PROBLEM STATEMENT: Copy exactly the stretch of data below from the line with "Dish Drying Rack, Kitchen" through the line with "ラブラドールレトリバーパピー絵画ズオリジナルドッグアート Tシャツ", including both of those lines.

RECORDS SHOWN:
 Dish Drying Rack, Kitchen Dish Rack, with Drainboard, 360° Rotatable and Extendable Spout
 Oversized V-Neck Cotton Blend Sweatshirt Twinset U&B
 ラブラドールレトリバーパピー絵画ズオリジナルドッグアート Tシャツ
* * *
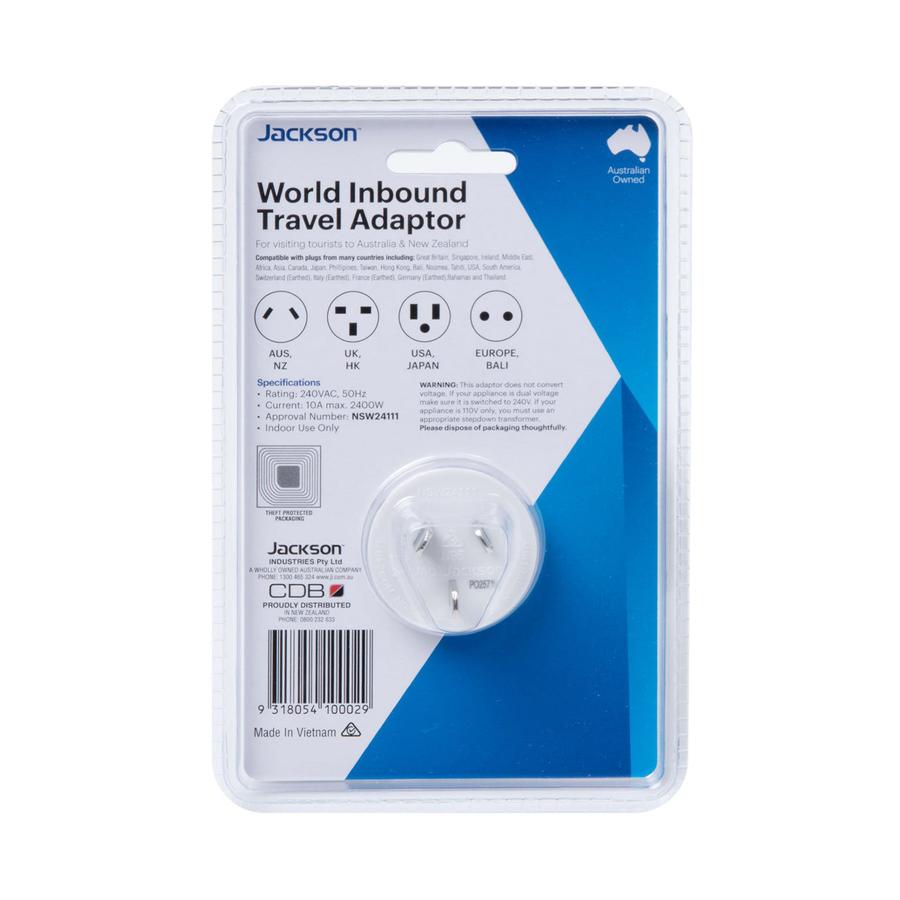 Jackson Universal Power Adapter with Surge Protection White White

ANSWER TO THIS TASK:
 Dish Drying Rack, Kitchen Dish Rack, with Drainboard, 360° Rotatable and Extendable Spout
 Oversized V-Neck Cotton Blend Sweatshirt Twinset U&B
 ラブラドールレトリバーパピー絵画ズオリジナルドッグアート Tシャツ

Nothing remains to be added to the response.